116. Approval of merger

(1) Each Merging Body that is a Company must submit the merger for approval by a Special Resolution of the Company and, if there is more than 1 class of Shareholders, for approval by a Special Resolution of a separate meeting of each class.

(2) Notice of each meeting:

  1. (a) must be accompanied by:
  2. (i) a copy or summary of any merger agreement; and

(ii) copies of the proposed Articles of Association or other Constitutional Documents for the Merged Body or a summary of the principal provisions of those Documents; and

(iii) if the notice is accompanied by a summary mentioned in subparagraph (i) or (ii)—information about how a copy of the summarised Document may be inspected by the Shareholders of the Company; and

(iv) a copy of each certificate or statement signed under section 115(5) and (6) (Resolutions and certificates for merger) in relation to the merger; and

  1. (v) a statement of the material interests in the merger of the Directors of each Merging Body and the persons managing any Merging Body that does not have Directors; and

(vi) any further information that a Shareholder would reasonably require to make an informed decision about the merger; and

  1. (b) must contain sufficient information to alert Shareholders to their right to apply to the Court under section 117 (Objection to merger by Shareholders).

(3) A Special Resolution to approve a Group Merger must:

  1. (a) provide that the capital accounts of each Merging Body are to be added to the capital accounts of the Merged Body; and
  2. (b) specify any changes to the Articles of Association of the Merged Body that are to take effect on the merger; and
  3. (c) state the names and addresses of the persons who are proposed to be the Directors of the Merged Body after the merger; and
  4. (d) provide that the Shares of each Merging Body are to be cancelled without any repayment of capital.

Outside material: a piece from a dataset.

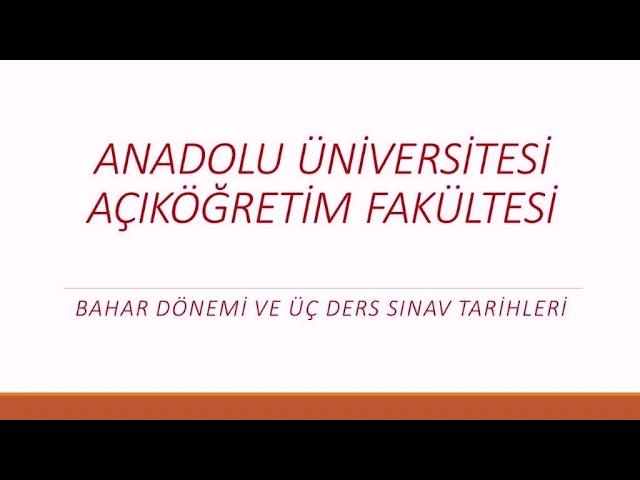 AÖF BAHAR DÖNEMİ VE ÜÇ DERS SINAV TARİHLERİ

(4) A merger is approved under this section when all the Special Resolutions mentioned in subsection (1) have been passed in respect of all the Merging Bodies that are Companies.

(5) A merger may not be completed unless it is approved under this section.

117. Objection to merger by Shareholders

(1) A Shareholder of a Merging Company may apply to the Court for an order under section 175 (Orders for unfair prejudice to Shareholders) on the ground that the merger would unfairly prejudice the interests of the Shareholder.

(2) An application must not be made:

  • (a) more than 28 days after the day the merger is approved under section 116 (Approval of merger); or
  • (b) by a Shareholder who voted in favour of the merger.